If online gambling gets a legal status in more states across the U.S. there will be new social media and PR trends as well. Small site owners will no longer shy in displaying gambling ads on their sites, and the advertising industry will know a boom similar to that in the UK, where a commercial out of three promotes a bingo site, or an online poker site. The online gaming industry in UK is serious business.

Poker PR is somehow an underground industry in the U.S. – but with new federal legislation in place for online poker, it could become mainstream. There is already a strong business model in the UK, where online poker is growing stronger and stronger since 2003. The efforts of making online poker interesting and relevant to audiences is obvious – commercials as the one featured above run on all British TV channels (except channels for children) at maximum audience hours. In addition, local PRs make all possible efforts to get media coverage for poker-related stories such as winner stories, big cash prizes, tournaments, and so on.

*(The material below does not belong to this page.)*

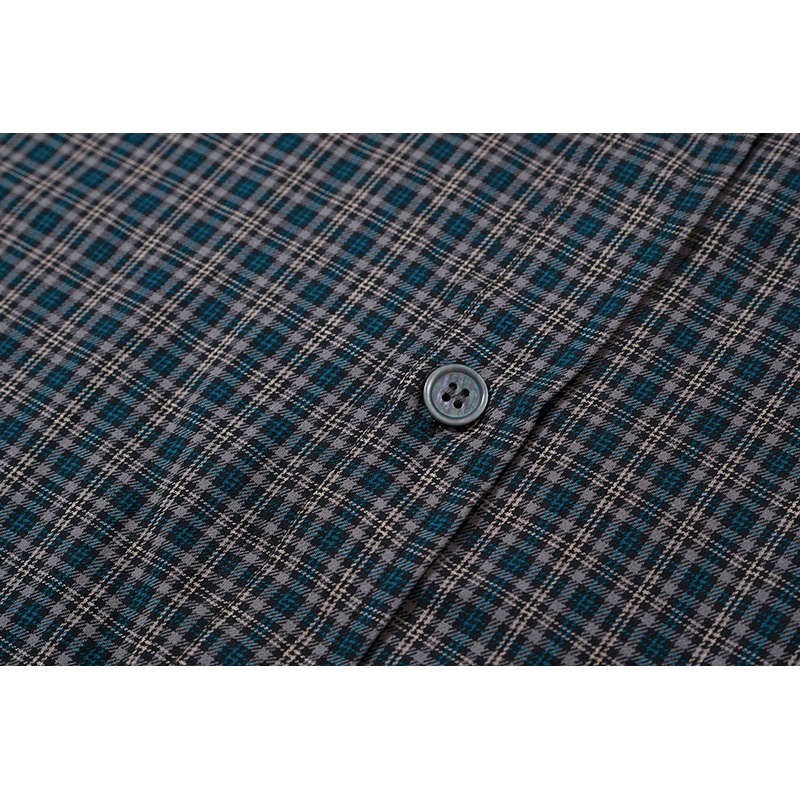 Harajuku Patch Contrast Color Checkered Shirts for Men and Women Turn-down Collar Oversized Casual Long Sleeve Fall Plaid Shirt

While in UK is relatively easy to deliver media-friendly material to feed to journalists and bloggers, the model cannot be easily duplicated in the US, where journalist are still cynical about online poker and online gaming sites. There’s a fine line between legal and prohibited – a risk the U.S. media is not willing (yet) to take. But with proper legislation in place, even the mainstream media will gain a lot: selling ad space for online casinos was always a profitable business.